AMD Milan-X Cache Hierarchy.
AMD Milan-X Cache Hierarchy.

 

We evaluate the performance of MWD on a variety of multicore x86 architectures and demonstrate performance superiority over SB. In particular, our MWD approach on Milan-X reaches up to 3.1X performance speedup against SB on Milan (or Milan-X).

Performance results of 1024x1024x512 domain size with 1000 time steps.
Performance results of 1024x1024x512 domain size with 1000 time steps.

 

We further assess the obtained performance of our MWD implementation on Epyc Milan and Milan-X using the roofline model. The gap between the two dots of L3 and DRAM-MWD on Milan widens on Milan-X and shows how MWD decouples from main memory.

 

Roofline Performance Model Analysis.
Roofline Performance Model Analysis on Milan

 

Roofline Performance Model Analysis on Milan-X

 

 

To summarize, MWD works best against SB on hardware with a wide bandwidth gap between LLC and main memory. MWD achieves high performance in presence of large shared LLC shared among several cores and is agnostic to main memory technology (e.g., HBM). This work will be presented at SC22 during the poster session.

 

References:

Software: GIRIH can be found at https://github.com/ecrc/girih.

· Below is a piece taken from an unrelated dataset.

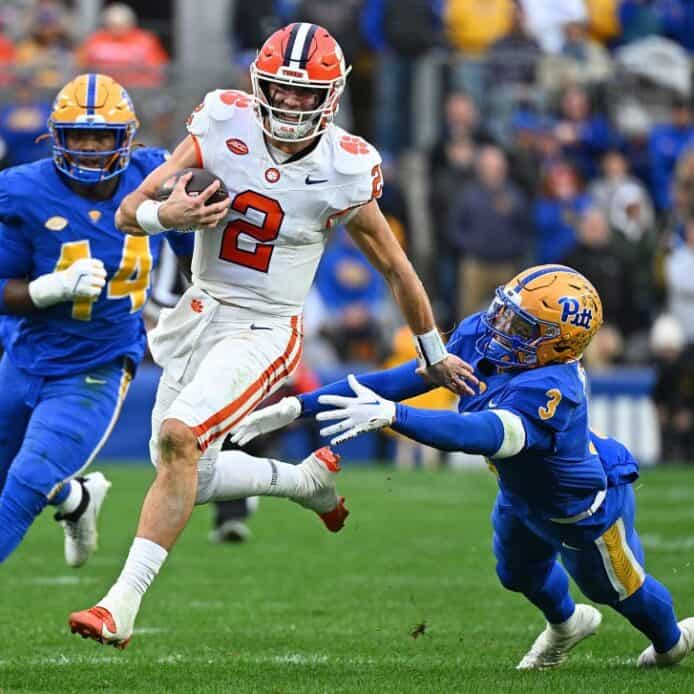 Cade Klubnik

[1] Malas T., Hager G., Ltaief H., Stengel H., Wellein G. and Keyes D. (2015) Multicore Optimized Wavefront Diamond Blocking for Optimizing Stencil Updates. SIAM J. Sci. Comput. 37(4): 439–464.

[2] Malas T., Hager G., Ltaief H. and Keyes D. (2017) Multidimensional Intratile Parallelization for Memory-Starved Stencil Computations. ACM Trans. Par. Comput. 4(3): 12:1–12:32.

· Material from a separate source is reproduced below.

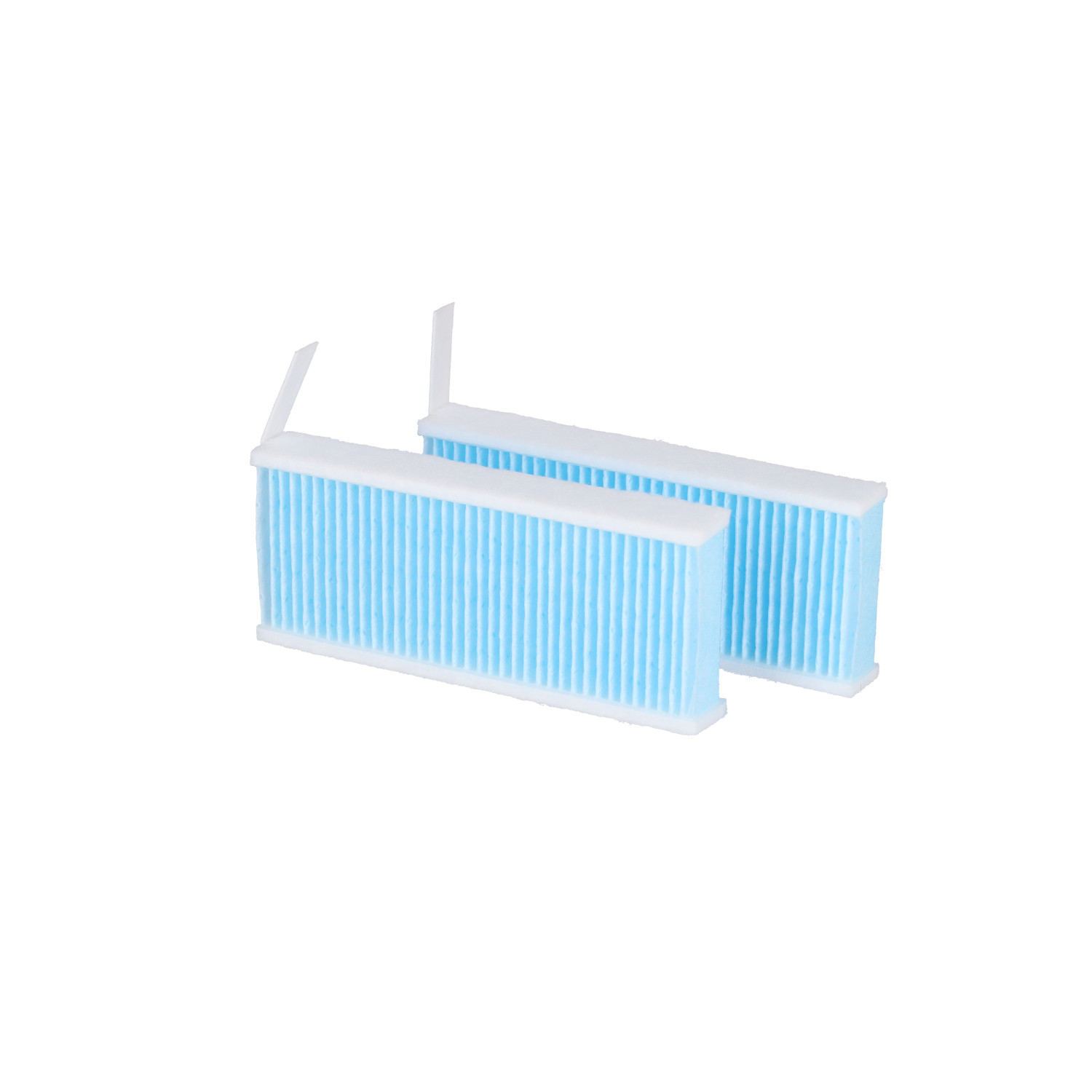 FEBI BILSTEIN Filter set, cabin air 179601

[3] Akbudak K., Ltaief H., Etienne V., Abdelkhalak R., Tonellot T., and Keyes D. (2020). Asynchronous computations for solving the acoustic wave propagation equation. The International Journal of High Performance Computing Applications, 34(4), 377–393.

[4] Qu L., Abdelkhalek R., Said I., Ltaief H. and Keyes D. (accepted for publication, 2022) Exploiting Temporal Data Reuse and Asynchrony in the Reverse Time Migration, Int. J. High Perf. Comput. Appl.